# Hoya wax plants



## MattySF (May 25, 2005)

Can anyone please tell me if these plant will root on backgrounds and climb?


----------



## rbrightstone (Apr 14, 2004)

No. They will not grow in frog tanks. They are far to wet.


----------



## Scott (Feb 17, 2004)

I've got a couple doing really well.

I'll have to tell them to die now.

s :?


----------



## StevenBonheim (Feb 22, 2004)

Haha! Ill tell mine the same  But seriously, it depends on the species and the conditions of you tank. I say go ahead and try.
Good luck!!


----------



## Ed Martin (Mar 25, 2004)

I have them growing in with my aurotaenia and vittatus enclosures and they are doing great, and the enclosures are quite moist. Both are planted in the coco panel backgrounds and have to be trimmed quite often. As others said, give them a try!
Ed


----------



## MattySF (May 25, 2005)

*got it*

Thanks for your replys guys. Higher maybe better than lower? Trailing instead of climbing?


----------



## Guest (Aug 14, 2005)

> Both are planted in the coco panel backgrounds and have to be trimmed quite often.

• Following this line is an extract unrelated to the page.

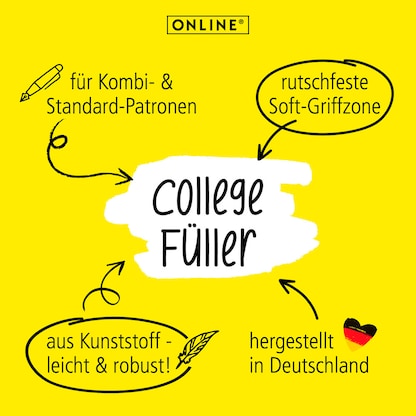 Artikelbild 3 für ONLINE® College Dackel Patronenfüller mehrfarbig M (mittel), Artikelnummer 616936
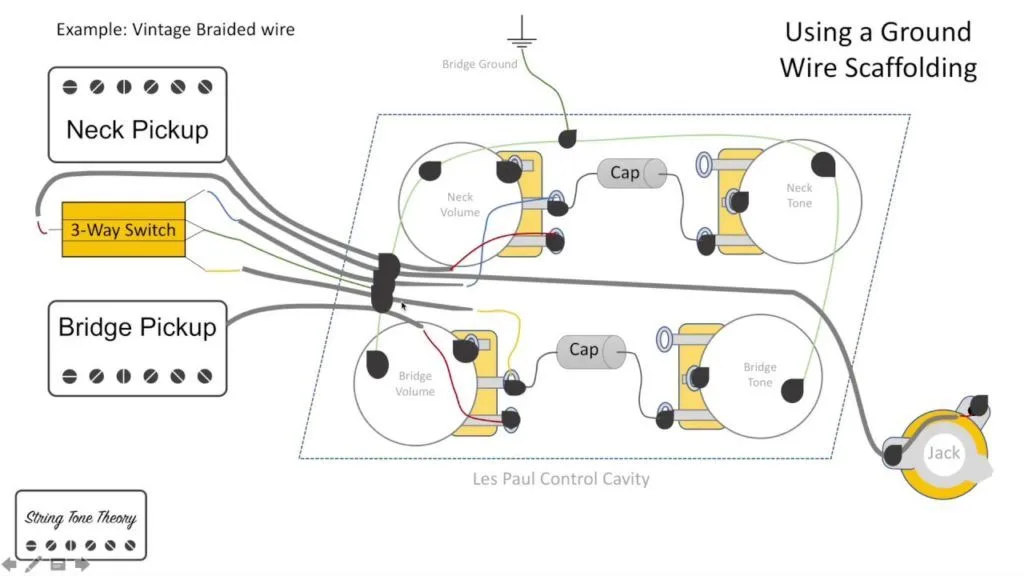 Gibson Les Paul 50S Wiring Diagram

Are they planted in planters or mounted to the coco panels? Could one mount them with their roots wrapped in sphagnum to a great stuff/coco background?


----------



## harrywitmore (Feb 9, 2004)

*Hoyas*

Some species do very well in a very humid environment such as curtisii and serpens. H imbricata would also do well if allowed to shingle up the back. They are all from Asia so they are not native to dart frog environments. Also when cut they bleed a white sap that could be a problem for frogs so be careful when cutting them back.


----------



## MattySF (May 25, 2005)

*thanks*

Thank you for the additional info. A good fact to know.


----------



## rbrightstone (Apr 14, 2004)

I stand corrected. These are species I have never seen but now I will be on the lookout for them. Thanks.


----------